- [The data]
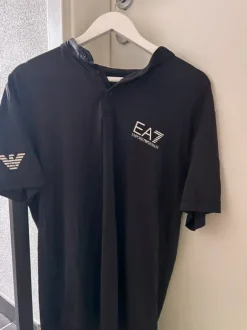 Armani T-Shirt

* * *

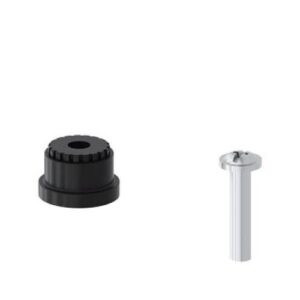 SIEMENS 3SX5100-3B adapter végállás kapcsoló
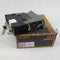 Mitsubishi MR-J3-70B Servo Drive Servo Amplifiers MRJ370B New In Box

- [Exercise instructions]
In the listing above, find the line with "SIEMENS 3SX5100-3B adapter végállás kapcsoló" and the line with "Mitsubishi MR-J3-70B Servo". Set down both and every line between them, minus the pictures.

- [Written response]
 SIEMENS 3SX5100-3B adapter végállás kapcsoló
 Mitsubishi MR-J3-70B Servo Drive Servo Amplifiers MRJ370B New In Box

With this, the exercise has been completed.